The decomposition into chunks, the tracking of the output chunks in target and the final composition of the output are based on the TransBooster architecture presented in (Mellebeek et al., 2005) [EAMTA, Budapest].

Our approach presupposes the existence of some sort of syntactic analysis of the input sentence. In a first step, the input sentence is decomposed into a number of syntactically meaningful chunks as in (1).
(1) [ARG_1] [ADJ_1]. . . [ARG_L] [ADJ_l] pivot [ARG_L+1] [ADJ_l+1]. . . [ARG_L+R] [ADJ_l+r]
where pivot = the nucleus of the sentence, ARG = argument, ADJ = adjunct, {l,r} = number of ADJs to left/right of pivot, and {L,R} = number of ARGs to left/right of pivot.
In order to determine the pivot, we compute the head of the local tree by adapting the headlexicalised rammar annotation scheme of (Magerman, 1995). In certain cases, we derive a ‘complex pivot’ consisting of the head terminal together with some of its neighbours, e.g. phrasal verbs or strings of auxiliaries. The procedure used for argument/
adjunct identification is an adapted version of Hockenmaier’s algorithm for CCG (Hockenmaier, 2003).
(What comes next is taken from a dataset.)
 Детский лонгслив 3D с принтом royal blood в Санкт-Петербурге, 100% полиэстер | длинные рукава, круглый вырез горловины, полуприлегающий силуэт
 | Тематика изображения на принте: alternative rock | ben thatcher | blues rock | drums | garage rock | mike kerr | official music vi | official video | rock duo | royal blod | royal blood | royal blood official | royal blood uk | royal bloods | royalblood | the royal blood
In a next step, we replace the arguments by similar but simpler strings, which we call ‘Substitution Variables’. The purpose of Substitution Variables is: (i) to help to reduce the complexity of the original arguments, which often leads to an improved translation of the pivot; (ii) to help keep track of the location of the translation of the arguments in target.
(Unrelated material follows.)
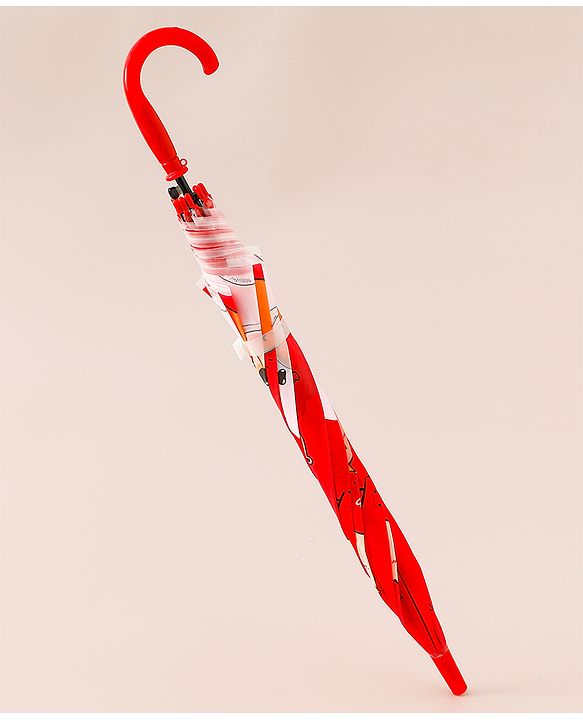 Babyhug Free Size Umbrella with Teddy Print - Red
In choosing an optimal Substitution Variable for a constituent, there exists a trade-off between accuracy and retrievability. ‘Static’ or previously defined Substitution Variables (e.g. ‘cars’ to replace the NP ‘fast and confidential deals’ as explained in section 3.5) are easy to track in target, since their translation by a specific MT engine is known in advance,
but they might distort the translation of the pivot because of syntactic/semantic differences with the original constituent. ‘Dynamic’ Substitution Variables comprise the real heads of the constituent (e.g. ‘deals’ to replace the NP ‘fast and confidential deals’
as outlined in section 3.5) guarantee a maximum similarity, but are more difficult to track in target.
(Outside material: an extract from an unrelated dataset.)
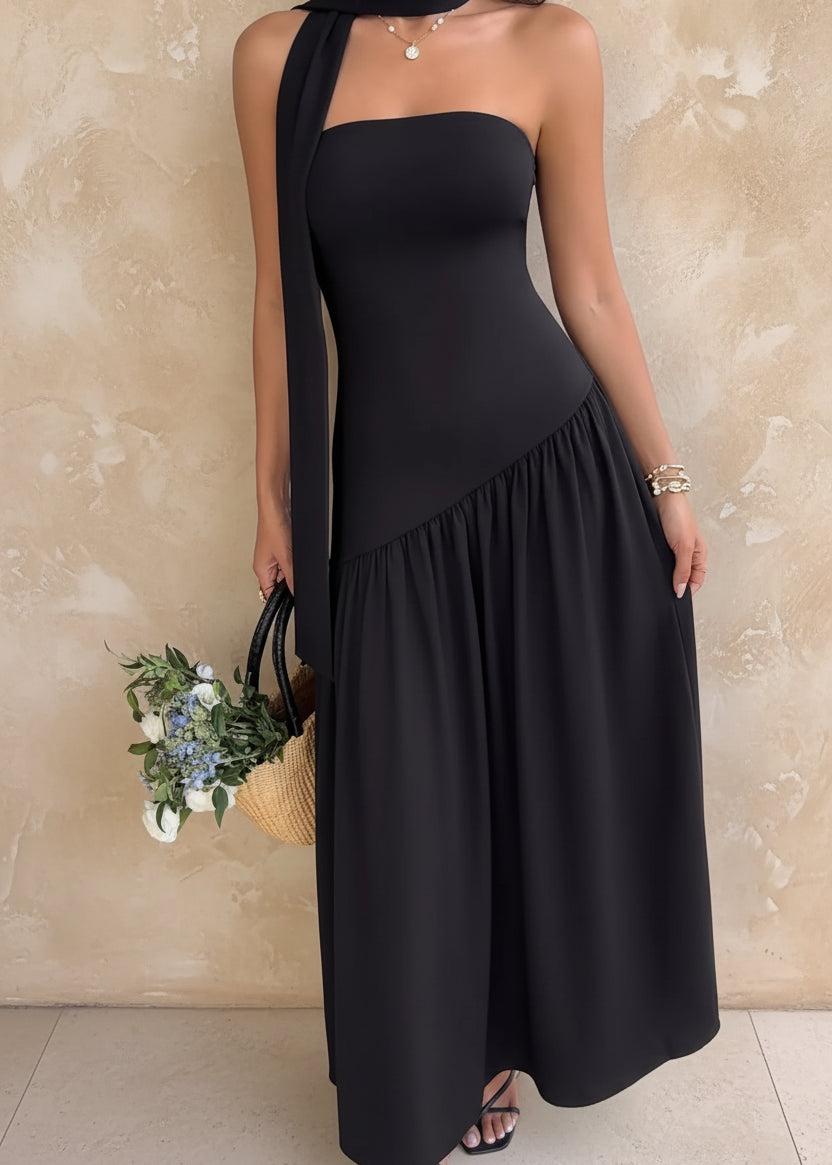 Slit Tube Maxi Dress with Scarf - TrendNest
Our algorithm employs Dynamic Substitution Variables first and automatically backs off to Static Substitution Variables if problems occur. By replacing the arguments by their Substitution Variables and leaving out the adjuncts in (1), we obtain the skeleton
in (2)

(2) [VARG_1 ] . . . [VARG_L] pivot [VARG_L+1] . . . [VARG_L+R]
where VARGi is the simpler string substituting ARGi
By matching the previously established translations of the Substitution Variables VARGi (1 <= i <= L + R) in the translation of the skeleton in (2), we are able to (i) extract the translation of the pivot and (ii) track the location of the translated arguments in target. The result of this second step on the worked example is shown in (6). Adjuncts are located in target by using a similar strategy in which adjunct Substitution Variables are
added to the skeleton in (2).

Since translating individual chunks out of context is likely to produce a deficient output or lead to boundary friction, we need to ensure that each chunk is translated in a simple context that mimics the original.
As in the case of the Substitution Variables, this context can be static (a previously established template, the translation of which is known in advance) or dynamic (a simpler version of the original context).
Our approach is based on the idea that by reducing the complexity of the original context, the analysis modules of the MT engines are more likely to produce a better translation of the input chunk Ci than if it were left intact in the original sentence, which contains more syntactic and semantic ambiguities.
In other words, we try to improve on the translation C_ji of chunk C_i by MT engine j through input simplification. (cf. section 3.5 for more details)
After obtaining the translations of all input chunks by all MT engines (C_i1 – C_iN ), all that remains to be done is to select the best output translation C_i_best for each chunk C_i and derive the output by composing all C_i_best . This is possible since we have kept track of the position of each C_ij by the Substitution Variables.